How is IgA nephropathy diagnosed?
Definitively only by kidney biopsy. Immunofluorescence must show dominant or codominant IgA deposits in the mesangium, with mesangial hypercellularity on light microscopy and mesangial dense deposits on electron microscopy. Blood tests (including complement) are typically normal, and serum Gd-IgA1 is a supportive biomarker but not yet diagnostic on its own. Biopsies are then graded with the Oxford MEST-C score.
Is IgA nephropathy curable, and what is the prognosis?
There is no cure, but it is treatable and the goal is to halt progression. Roughly 30–40% of untreated patients reach kidney failure over 20–30 years, but outcomes are much better when proteinuria is driven below 0.5 g/day. The strongest predictors of a poor outcome are persistent proteinuria, hypertension, reduced GFR at diagnosis, and a high tubular atrophy/fibrosis (T) score on biopsy.

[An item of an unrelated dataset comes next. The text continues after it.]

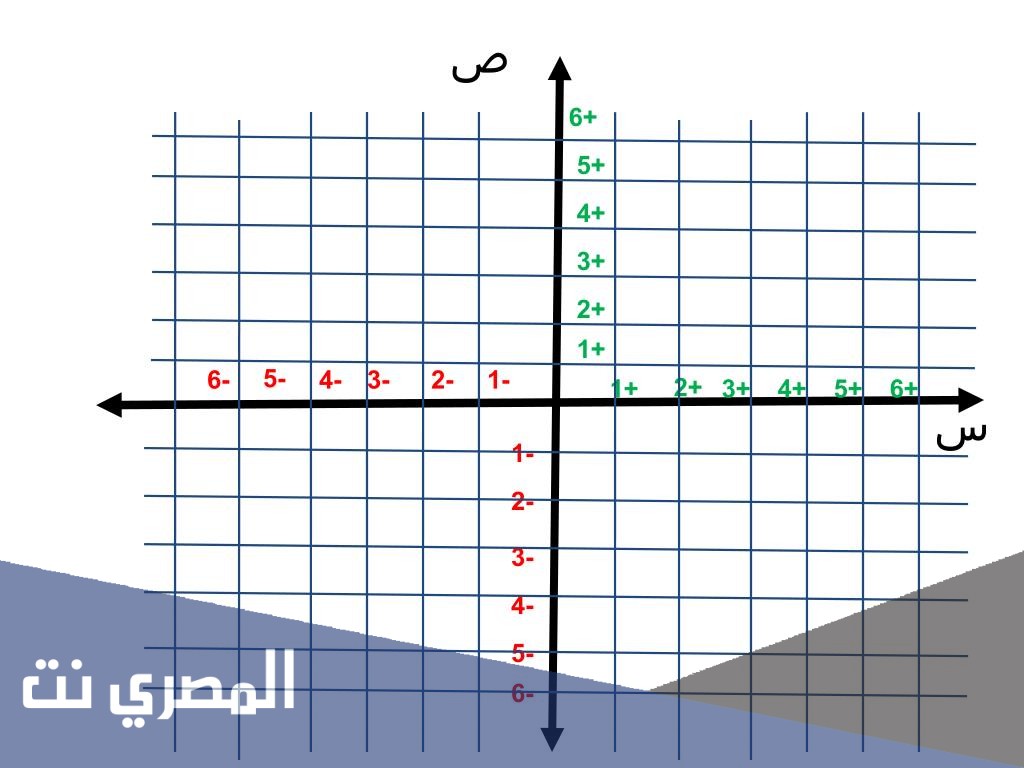 اذا افترضنا ان النقطة (2،4) نقلت وحدتين الي اليسار و3 وحدات الى اعلى فان الزوج المرتب الجديد سيكون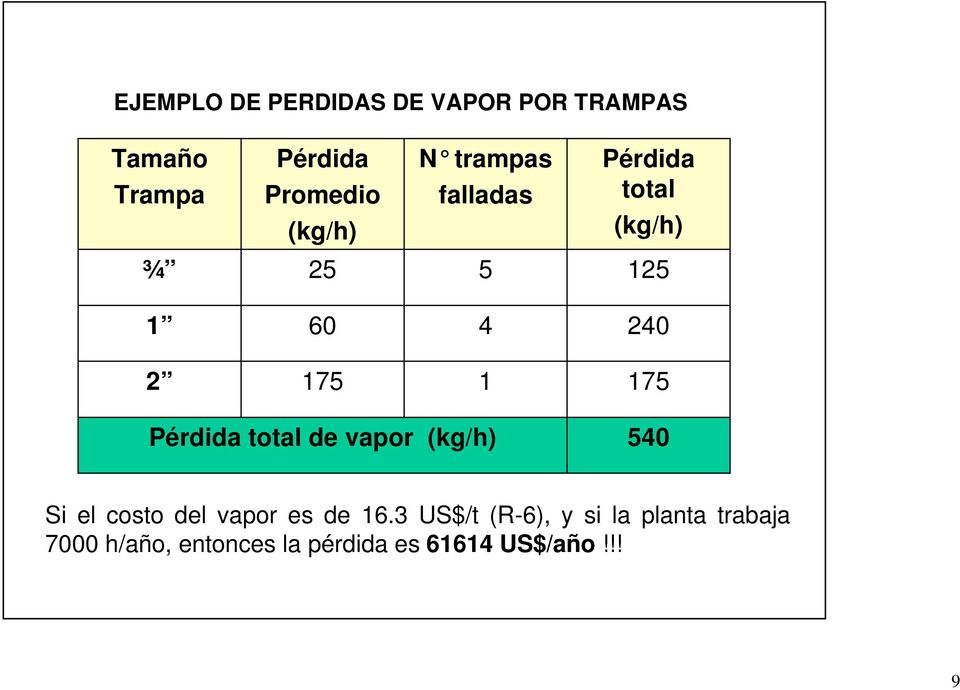 175 Pérdida total de vapor (kg/h) 540 Si el costo del vapor es de 16.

What is the difference between IgA nephropathy and post-streptococcal glomerulonephritis?
Timing and complement. IgAN causes hematuria concurrently with an infection (synpharyngitic, 0–3 days) and has a normal serum C3, with dominant mesangial IgA on biopsy. Post-streptococcal GN causes hematuria 1–3 weeks after a strep infection, has a transiently low C3, and shows granular IgG/C3 'starry sky' deposits with subepithelial humps. PSGN is usually self-limited; IgAN is chronic.
What are the newest treatments for IgA nephropathy?
Beyond foundational RAAS blockade and SGLT2 inhibitors, recent approvals target the disease mechanism directly: sparsentan (dual endothelin-A/angiotensin-II receptor antagonist), targeted-release budesonide (Nefecon) aimed at gut mucosal B cells, the oral complement factor-B inhibitor iptacopan, and B-cell cytokine blockers — the APRIL inhibitor sibeprenlimab and the dual BAFF/APRIL inhibitor atacicept. Treatment is escalated to reach a proteinuria goal under 0.5 g/day.